1981 Mazda RX7 Series 2 Coupe
|Engine||Twin-rotor Wankel, 1146cc|
|Interior||Grey & Red|
Thanks to extensive development of Dr Felix Wankel’s radical rotary engine in a range of production cars during the late 1960s and early 1970s, Japanese carmaker Mazda had overcome the inherent sealing problems by the time it launched a proper sports car designed around the engine in 1978. The new RX-7 was a stylish, practical and technologically advanced automobile that ultimately proved a sales success, with more than 800,000 built over three generations. Intended to compete with the likes of Porsche’s 924, road tests compared the Japanese car more than favorably with its German rival, commenting on the excellent handling and roadholding and the outstanding performance afforded by the twin-rotor 12A engine. The attractive and aerodynamic body featured fashionable pop-up headlamps, a glass lift-back and 2+2 seating while the interior was well equipped and trimmed in velour. A Mark II version was introduced in 1981 with more power, new alloy wheels and various improvements inside. The bodywork was also revised, with integrated colour-coded bumpers, black rubber protective side mouldings and a new tail lamp design. Other changes included the five-speed gearbox becoming standard on all models and disc brakes on all four wheels for European specification cars.

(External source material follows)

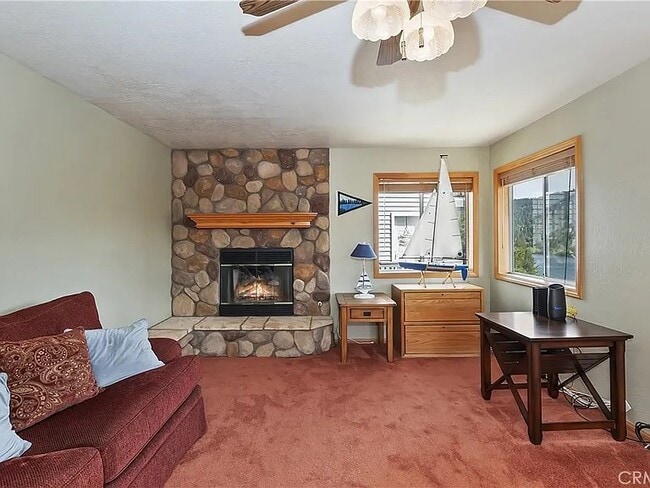 Building Photo - 262 Delle Dr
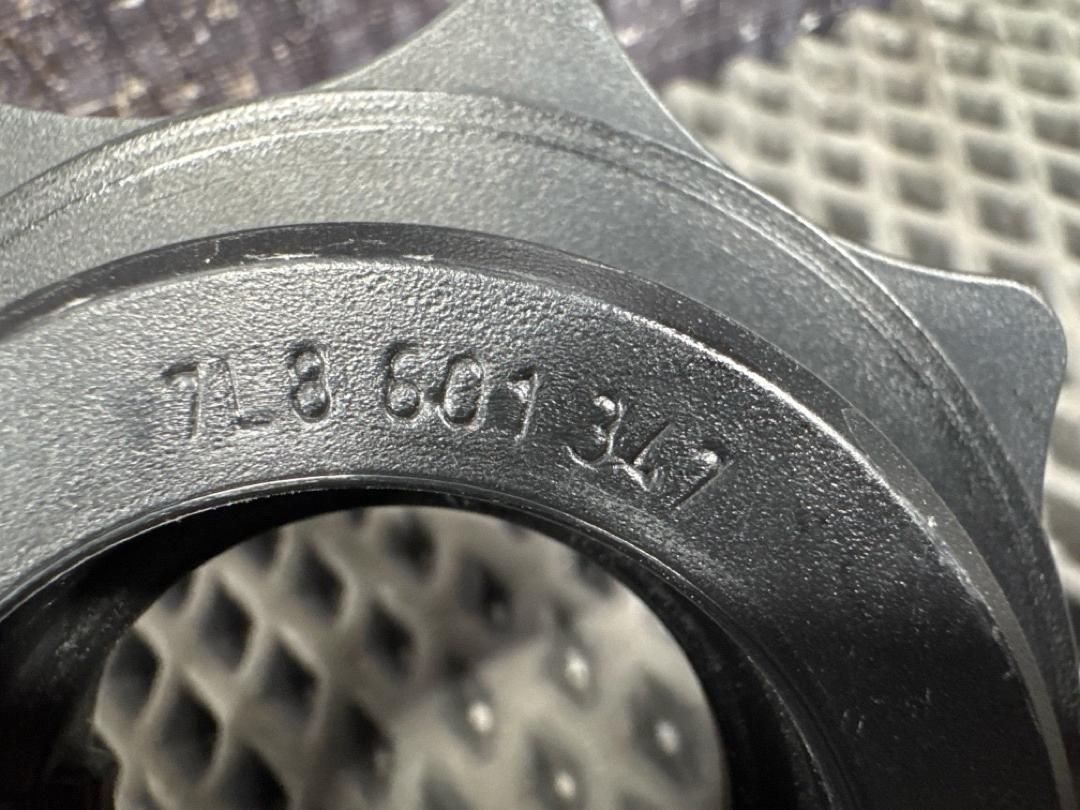 Крепление запасного колеса, 1720 рублей, Красноярск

The RX-7 acquitted itself well in motor racing around the world, including Australia, where Allan Moffat’s Stuvysant-backed efforts in the Group C category garnered multiple wins and even a second place at the Bathurst 1000. Vindication of the rotary as a serious rival for conventional engines occurred in 1991 with outright victory in the famous Le Mans 24-Hour race for the Mazda 787B.